_Exercise prompt_
The answer must be an exact copy of the lines from the one containing "Rosenblüte mit Wassertropfen" through the last line of the records, with no pictures.

_Records for the exercise_
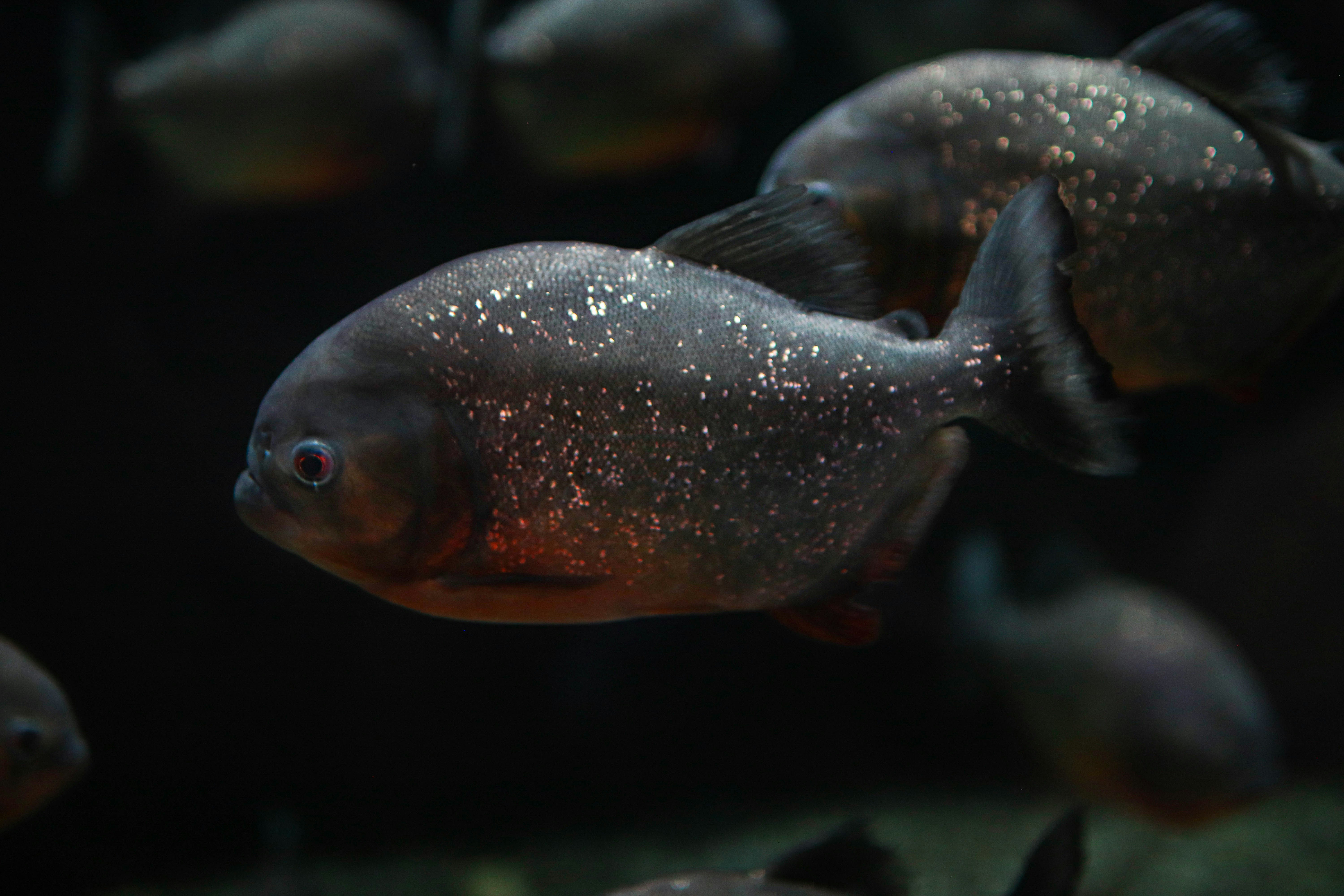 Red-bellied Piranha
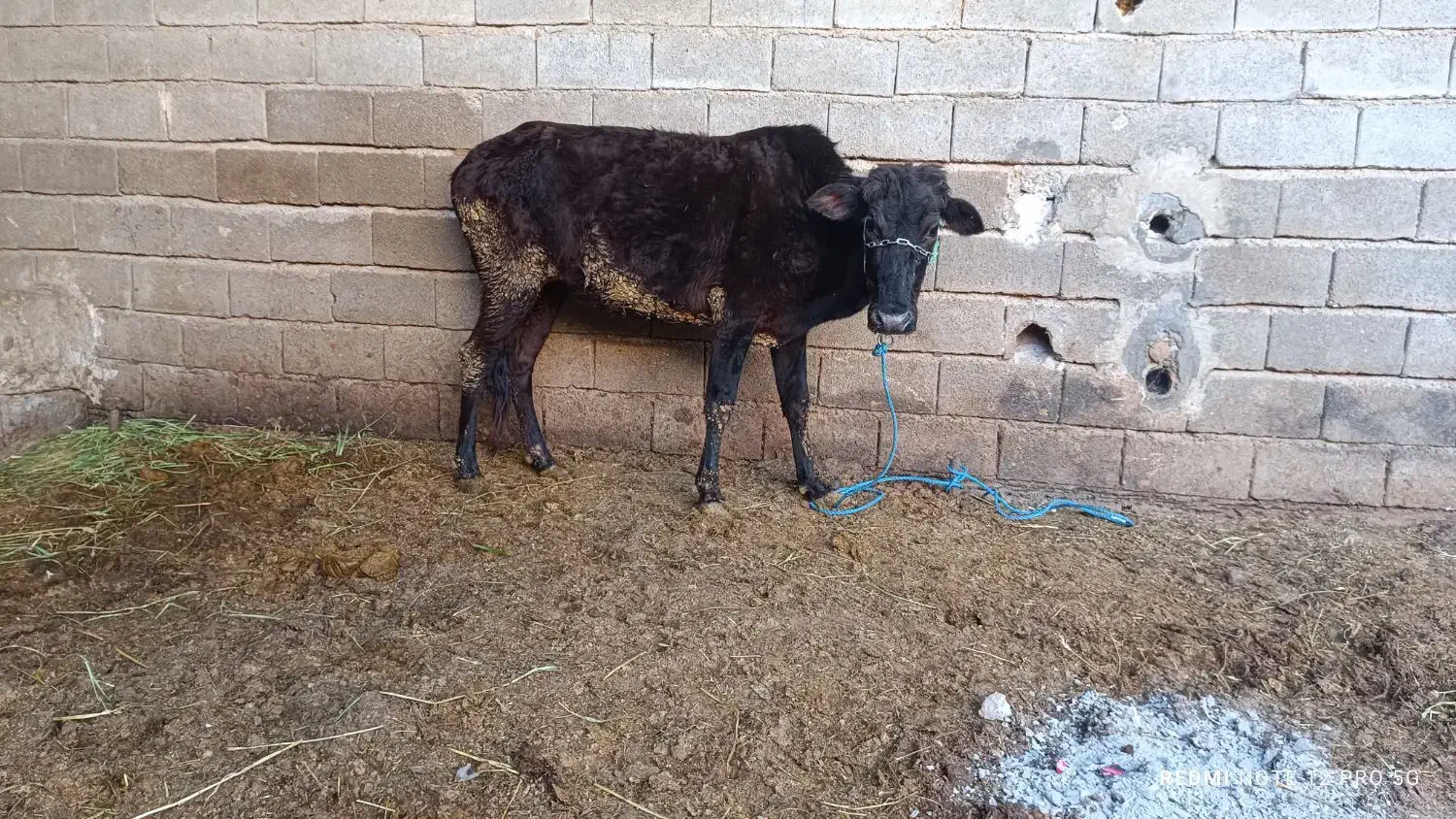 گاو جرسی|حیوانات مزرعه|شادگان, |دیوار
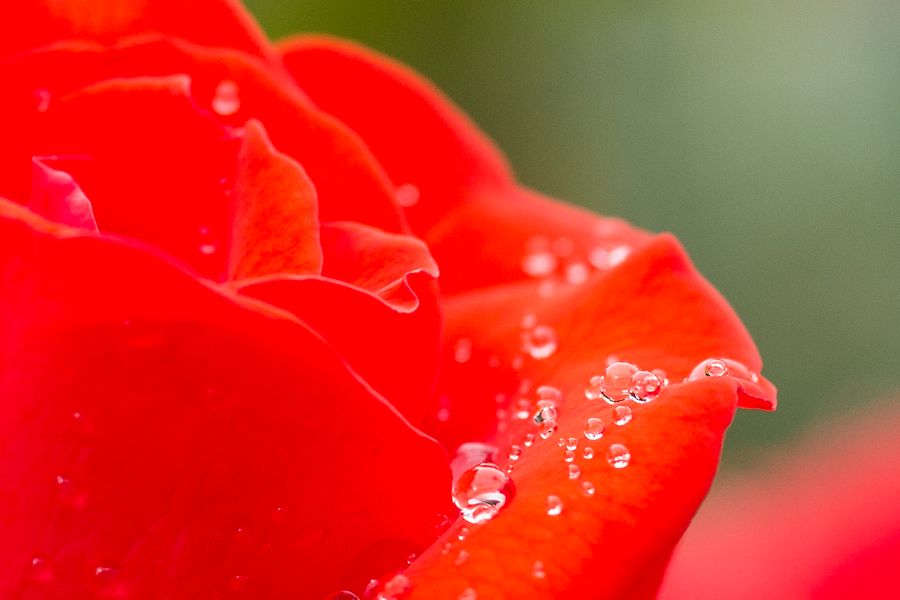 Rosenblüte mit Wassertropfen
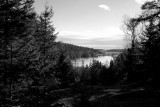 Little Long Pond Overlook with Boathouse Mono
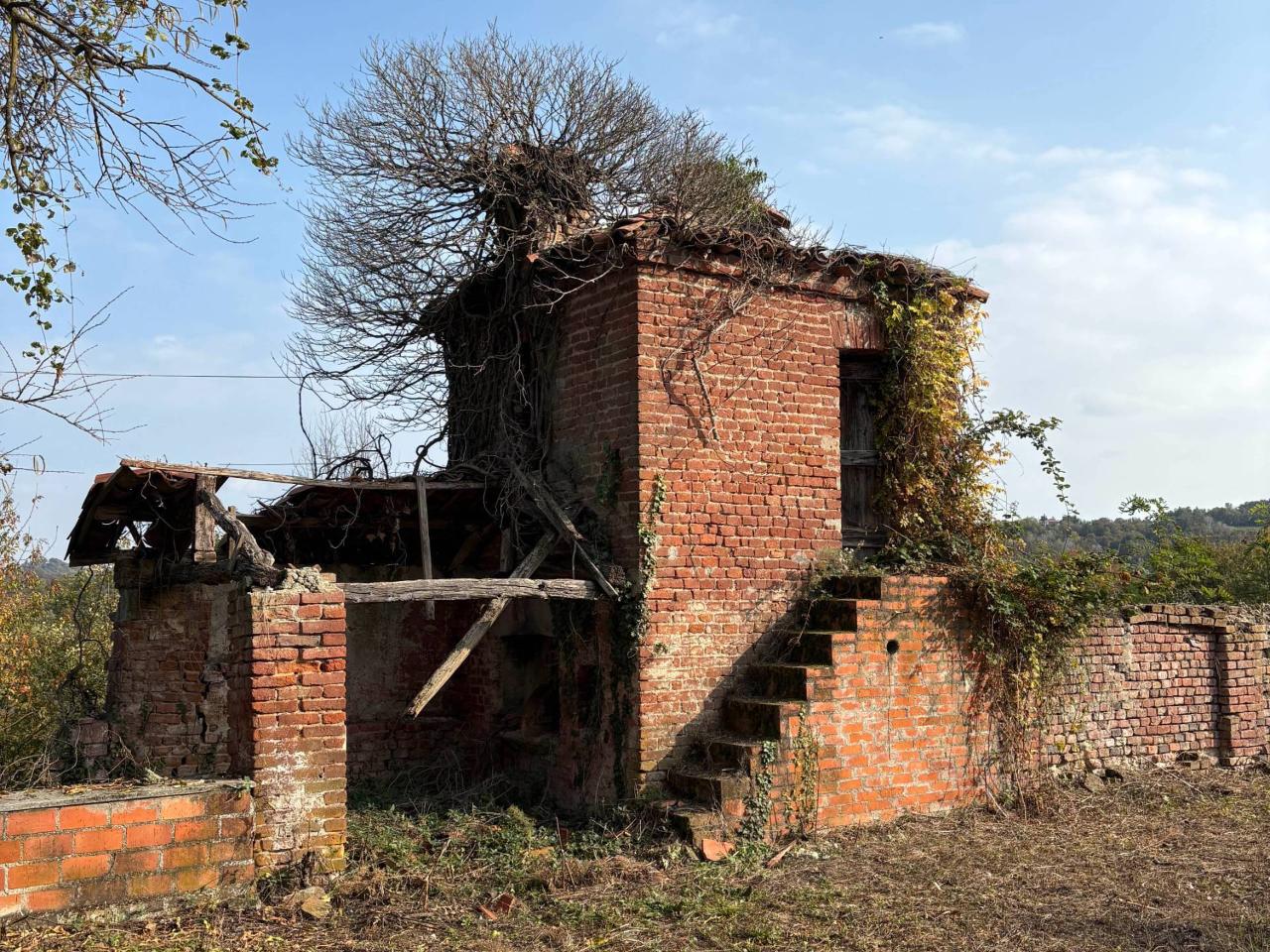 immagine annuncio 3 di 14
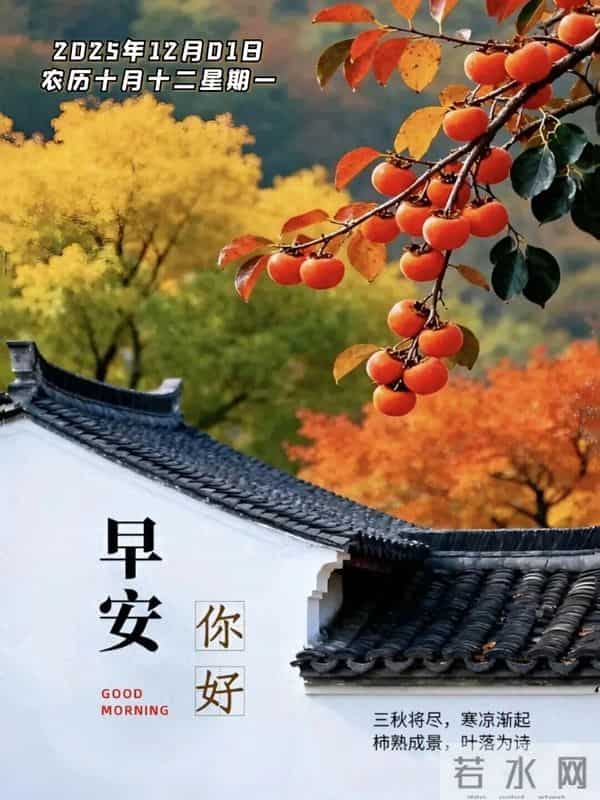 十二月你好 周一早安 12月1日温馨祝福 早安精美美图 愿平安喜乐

_Answer section_
 Rosenblüte mit Wassertropfen
 Little Long Pond Overlook with Boathouse Mono
 immagine annuncio 3 di 14
 十二月你好 周一早安 12月1日温馨祝福 早安精美美图 愿平安喜乐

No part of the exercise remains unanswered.